Let $\{x_n\}$ be a sequence of real numbers and $\left| x_{n+1}-x_n \right| \lt \left(\frac{3}{4}\right)^n \ \forall n \in \mathbb{N}$.
My strategy is to show the sequence is Cauchy and since it's a sequence in $\mathbb{R}$, it is convergent.
Proof:
Let $m,n \in \mathbb{N}$ and w.l.o.g. let $n \gt m$, then
$\left| x_n - x_m \right|$
$= \left| x_n - x_{n-1} + x_{n-1} - x_{n-2} + x_{n-2} + ...+ x_{m+1} - x_m \right|$
$\leq \left| x_n - x_{n-1} \right| + ... + \left| x_{m+1} - x_m \right|$
$\lt \left(\frac{3}{4}\right)^{n-1} + \left(\frac{3}{4}\right)^{n-2} + ... + \left(\frac{3}{4}\right)^m = \left(\frac{3}{4}\right)^m \left[ \left(\frac{3}{4}\right)^{n-m-1} + ... + 1 \right]$ ......$(\dagger)$
Using the geometric formula $\left[ \left(\frac{3}{4}\right)^{n-m-1} + ... + 1 \right] = 4 \left( 1 - \left( \frac{3}{4} \right)^{n-m-1} \right) \lt 4$
So $\dagger$ becomes,
$\left| x_n - x_m \right| \lt 4 \left( \frac{3}{4} \right)^m$
Now we want $4 \left( \frac{3}{4} \right)^m \lt \epsilon$
or $\left( \frac{3}{4} \right)^m \lt \frac{\epsilon}{4}$
Can I simply say, choose $N \in \mathbb{N}$ such that for $m \geq N$ the above is true?
Can I get some verification of my approach as well as some help with what to do in the last step?

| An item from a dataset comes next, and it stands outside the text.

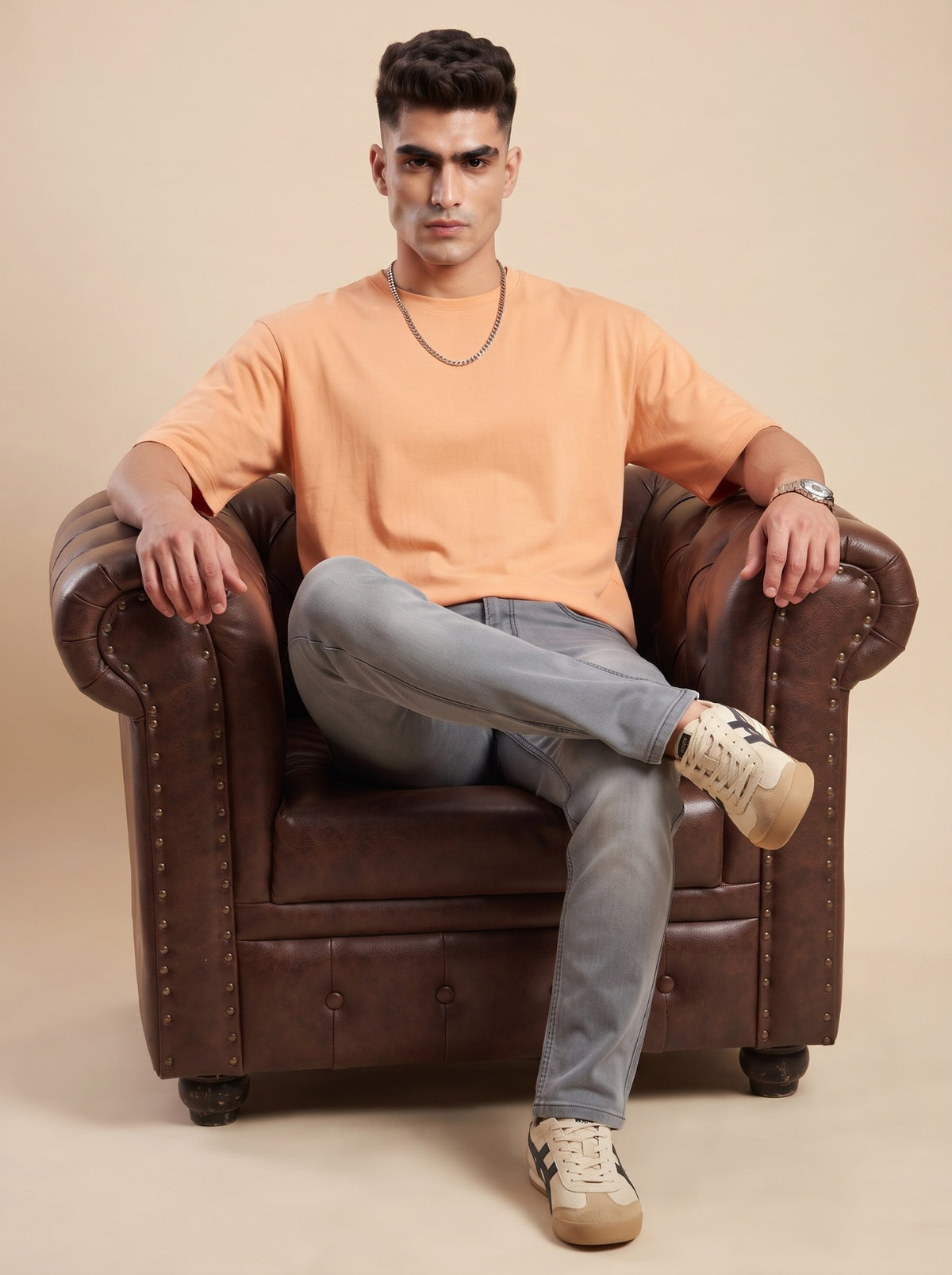 Man wearing ash grey straight fit jeans seated on a sofa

Concerning the last step, all you need is to take $N\in\mathbb N$ such that $\left(\frac34\right)^N<\frac\varepsilon4$. Then, if $n>m\geqslant N$,$$\lvert x_m-x_n\rvert<\left(\frac34\right)^m\leqslant\left(\frac34\right)^N<\frac\varepsilon4.$$The rest of what you did looks fine.